Irrespective of all you have written, consider this. The number of jobs in the US continues to increase. The living standard in the US continues to increase. The life expectancy in the US continues to increase.
Individuals fall into several categories.
Regardless of how they define success, there are:
Those who wish to succeed and are willing to do what is necessary.
Those who wish to succeed and are unwilling to do what is necessary.
Those who are content to be remain as they are.
Those who just don’t give a damn.
It can actually be rigorously proved that the CAUSE of the famous cliche` "The rich get richer and the poor get poorer" is fundamentally the simple result of population increasing faster than goods-production. Historically, for a decent period of years, the Industrial Revolution increased goods-production so much faster than population-growth that the poor actually got rich faster than the rich. That's how the Middle Class came to consist of a lot of people. But unfortunately, that is also History. Today, if you look at global population growth and global goods-production, you will see that production isn't keeping pace. The Middle Class is declining. One person's income used to be enough to support a family, but nowadays the incomes of two people are almost always required.
Two incomes are required to afford two new cars, multiple cell phones, homes, furnishings, clothing, and, in general, a preferred lifestyle far above the basics.
You fail to note that the numbers of the rich are increasing; the numbers of middle class are also increasing, and the numbers in poverty, if the hard-core incorrigibles are subtracted, are shrinking.
Those born into a lower economic class have every resource and opportunity available to them to acquire a first class education which will enable them to climb the economic ladder to whatever level they aspire.

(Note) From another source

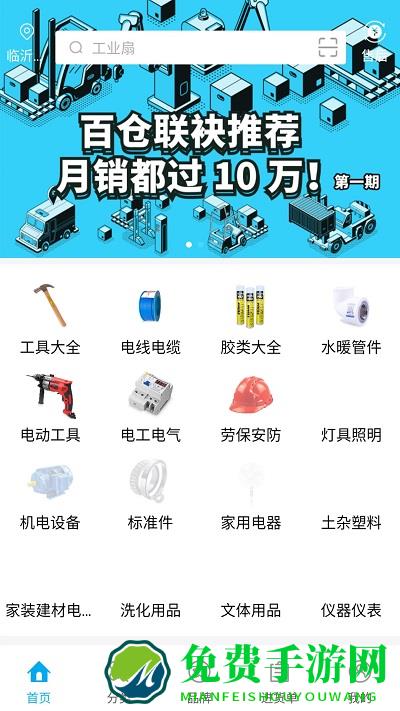 沂川商城下载最新版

The problem is that many refuse to make the required effort. Whose fault is that?
These days, the most profound indicator of class distinction is education.

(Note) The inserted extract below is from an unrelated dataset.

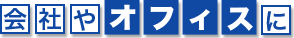 会社やオフィスに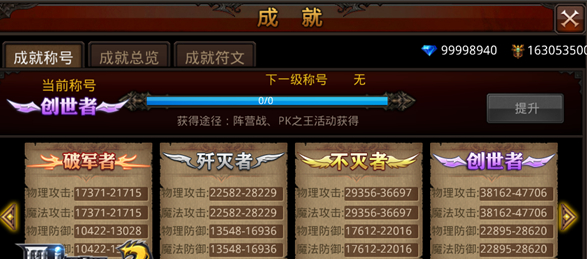 全民奇迹怎么刷成就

And isn't it interesting that a lot of people who happen to be in the category of "hiring labor and selling goods" oppose abortion (which increases population, see)? Naturally, they also oppose Minimum Wage Laws, too (which would force them to pay out the extra funds they expect to aquire thanks to that same population increase). They actually care nothing for Human Life, except for the money they expect to extract from the increasingly miserable scrabbling masses, thanks to their manipulations in accordance with the Law of Supply and Demand.
HYPOCRITES is far too kind a description for the actions of those opponents of abortion. "Money-sucking vampires" might barely begin to approach descriptive adequacy. And your statements here imply that you might be one of them.
You are exceeding even your most ridiculous earlier statements.